A Complete Beginner’s Guide To Hacking: Binary to High Level Languages

This post is part of the series A Complete Beginner’s Guide To Hacking

How A Computer Works

Ultimately your computer is a series of tiny electronic switches called transistors. Like most switches, they are binary, which means they can be one of two options  – ON or OFF. You could also write this as 1 or 0. You can therefore send a series of signals between these transistors which can communicate messages in a binary language – for example “0100” means the number 4 but “0010” means 2.

We design the electronics in such a way that we can manipulate these signals to do processes like addition. Therefore we can make it such that certain combinations of the binary signals trigger these actions. We call these combinations machine code and it is unique to the particular processor design – i.e. what the machine code combinations are depends on how you have designed the electronics that carries out the processes.

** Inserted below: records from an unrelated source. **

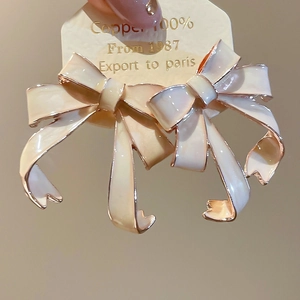 Close-up of cream enamel bow earrings with rose gold edges on a display card
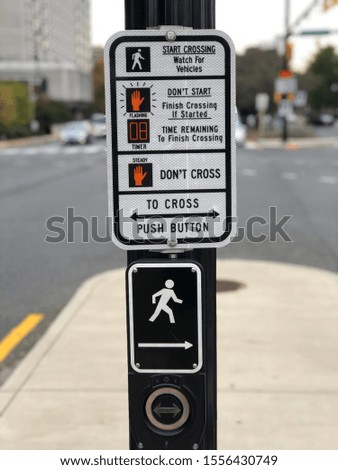 Pedestrian walk sign instructions and panel with button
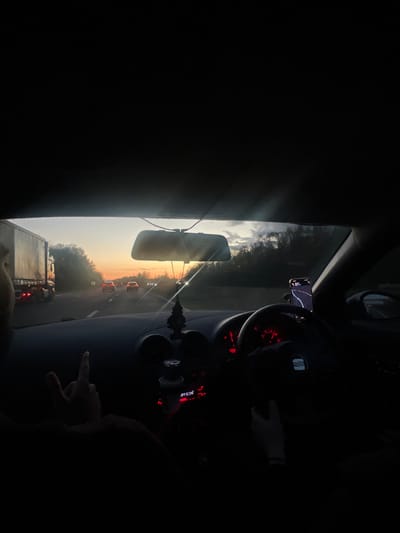 From inside a car, a view towards a highway during a bright sunset. In the rear-view mirror and through the windshield, multiple vehicles are visible on the road. The car's dashboard features a steering wheel and a phone mounted to the windshield. A hand is partially visible in the foreground, seemingly giving the middle finger. The location is indicated by a street on the dash that states “Offcial DAUNTSEY CIR."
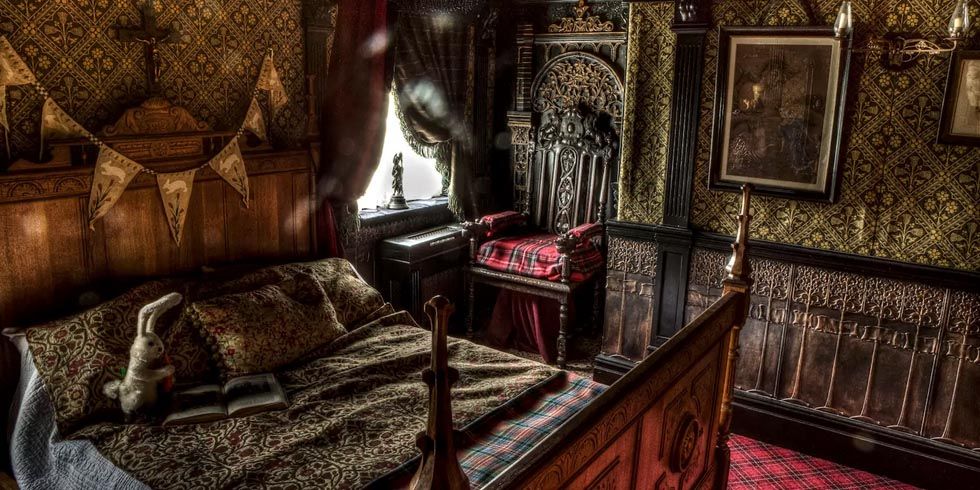 An old room with vintage furniture and dark shadows that create a mysterious, eerie atmosphere.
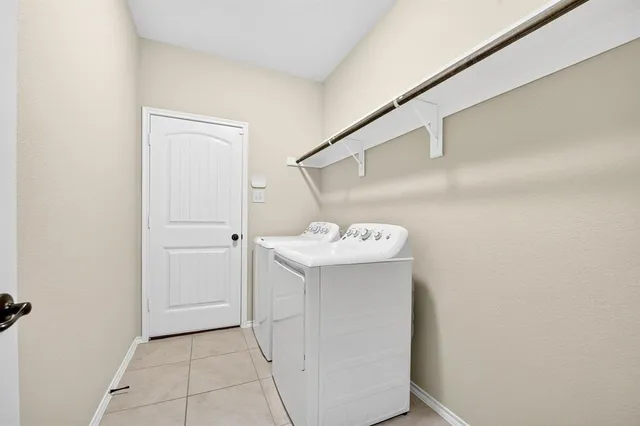 a utility room with cabinets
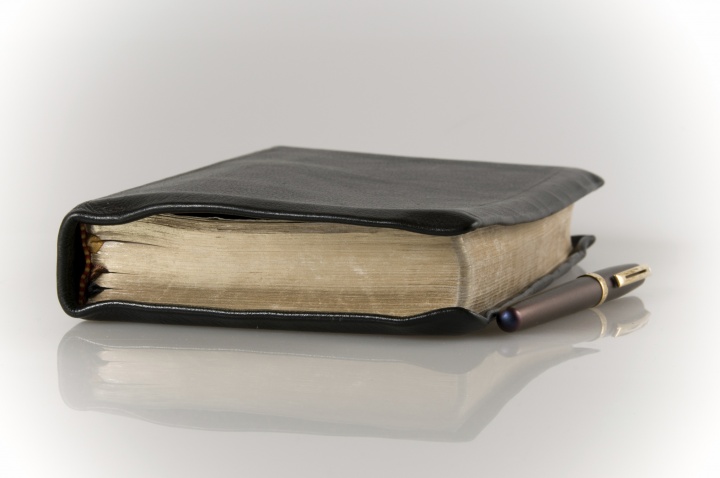 A Bible and pen laying on a table.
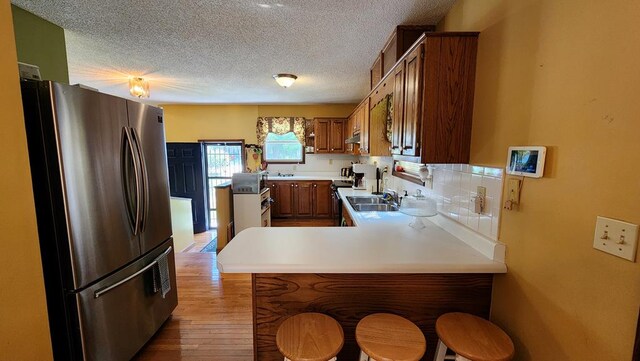 kitchen with a breakfast bar area, a peninsula, light countertops, freestanding refrigerator, and brown cabinets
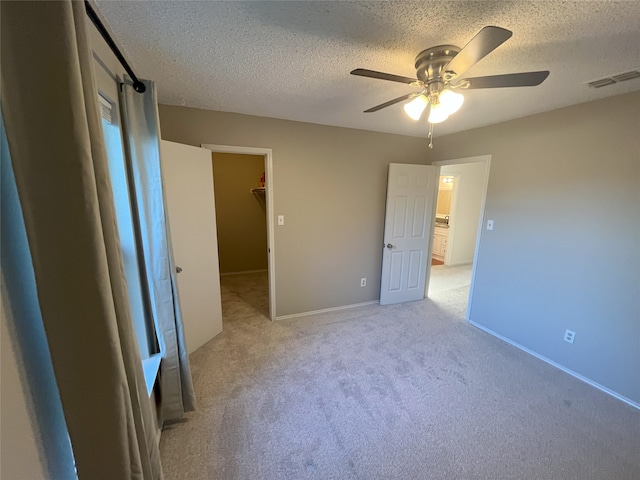 unfurnished bedroom with ceiling fan, a textured ceiling, a closet, a spacious closet, and light carpet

We can then design processes that take certain combinations of inputs in a more friendly form and translates them into this machine code. For example if I type ADD into a bit of the machine then the electronics that results in outputs the combinations of bits in machine code for addition. This translation process from a friendlier code input to machine code is done by what’s called an assembler. The friendlier language itself is called assembly code and is often in the format of what’s called ‘opcode’ with short phrases like ADD, and with the numbers written in hexadecimal format. We can save design the electronics to store signals in memory so we can store combinations of code in a piece of memory which are generally numbered so that if we use that number it refers to that piece of memory.

All these “low level” codes will be interpreted differently by different machines depended on their innate electronics design.

Higher Level Languages

So, finally we get up to the top, high level languages. These are the languages that most programmers, developers, hackers, computer scientists use – and generally what you will be looking to learn. These are written in phrases and structures more similar to natural languages and are far more intuitive to use.

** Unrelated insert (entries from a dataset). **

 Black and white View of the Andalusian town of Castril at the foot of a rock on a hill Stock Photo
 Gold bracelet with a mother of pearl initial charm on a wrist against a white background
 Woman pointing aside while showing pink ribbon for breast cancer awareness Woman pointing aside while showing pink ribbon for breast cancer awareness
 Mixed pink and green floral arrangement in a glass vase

These work by having developed combinations of the lower level codes that can be stored in your computer’s memory that “translate” the high level languages into new combinations of lower level codes suited to your device. The programs that do this are often (but not always) compilers – you will learn more about these later in the guide. As long as as you have the relevant program to your language and device to translate for you, you will probably never have to see any lower level languages. But it is important (and I think interesting) to understand how the whole thing works.

Of these there is a huge array of different high level languages that have been developed – C, Haskell, Python, HTML, Perl are names of a few but there are hundreds out there. Which one you learn depends on what it is you want to do – they have been designed to suit different purposes.

For example:

  • If you want to build a website or any sort of web application then there are an several languages you need to understand and I have written the next chapter in this guide on just those.
  • For scientific applications, developing models for simulation and calculation purposes, generally you are looking for Object-Oriented Languages like Python and Java. Personally I find that Python offers the most support and resources for scientific applications and is generally considered easier to learn so is more suited to someone that is looking to program just for a specific purpose.
  • To get started in general interest in computer science then a language like C will generally teach you good habits for programming and will make you develop a better understanding of how your computer works

Have a look around online and ask around to find out what it is you should learn in your case.